To make a bit of a logical comparison, the CAPE 10 of emerging markets in 2008, when the post-ceding 10 year returns would be nearly 0 was around 37, a record high for emerging markets. The US CAPE 10 at that time was only about 28 . Current Cape 10 for Emerging market is over 60% less, at 14 — relative to 2008, emerging markets are a bargain.
Here’s the problem, investing on the the CAPE ratio alone, is painful. Using nearly any CAPE strategy you would have been investing in an emerging markets index for the last 5 years, waiting for the massive growth. Its not easy to see your portfolio flat-line while the rest of the world passes you buy. So I decided to take a look and see what (if any) emerging market mutual funds had done exceptionally well in the last 5 years — mutual funds that took away the pain. There were exactly 10 funds that had returned over an average of 5% annually in a category where the average return was -0.34%. Simply picking a mutual fund though based on how it has done isn’t the best logic, so I decided to see which ones had manager who were eating their own cooking and had over $1 million of their personal dollars invested in the fund. The highest performing fund I found with manager investment above $1 million was the Seafarer Overseas Growth and Income Fund.

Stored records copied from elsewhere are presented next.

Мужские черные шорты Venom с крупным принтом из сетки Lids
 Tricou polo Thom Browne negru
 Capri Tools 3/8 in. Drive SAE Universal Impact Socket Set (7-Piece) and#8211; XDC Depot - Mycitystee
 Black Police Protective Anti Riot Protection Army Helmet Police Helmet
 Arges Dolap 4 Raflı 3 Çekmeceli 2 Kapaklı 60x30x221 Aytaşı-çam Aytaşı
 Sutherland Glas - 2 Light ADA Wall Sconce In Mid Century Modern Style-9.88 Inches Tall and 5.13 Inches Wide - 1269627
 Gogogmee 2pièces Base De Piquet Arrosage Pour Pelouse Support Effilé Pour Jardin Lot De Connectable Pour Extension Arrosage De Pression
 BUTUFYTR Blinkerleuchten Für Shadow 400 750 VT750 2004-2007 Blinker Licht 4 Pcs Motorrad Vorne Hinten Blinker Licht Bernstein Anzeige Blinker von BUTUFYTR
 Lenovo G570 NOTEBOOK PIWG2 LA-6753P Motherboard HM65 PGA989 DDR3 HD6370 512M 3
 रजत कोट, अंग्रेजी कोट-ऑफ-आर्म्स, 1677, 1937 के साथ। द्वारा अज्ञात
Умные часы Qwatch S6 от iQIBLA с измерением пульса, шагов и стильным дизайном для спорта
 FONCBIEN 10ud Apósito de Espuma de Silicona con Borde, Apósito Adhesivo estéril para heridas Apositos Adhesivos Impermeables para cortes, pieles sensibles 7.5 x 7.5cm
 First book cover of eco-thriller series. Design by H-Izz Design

Launched in 2012 the Seafarer Overseas Growth and Income Fund is a relatively unknown fund. The firm only operates 1 other fund. Total assets in the fund are 2.1 billion, by no means a large amount for a mutual fund. Relative to the fund size, the manager investment above $1 million is rather commendable. The holdings, 40 in total, reveal that this fund is far from a closet index and the turnover is less a mere 7% making this fund highly tax efficient.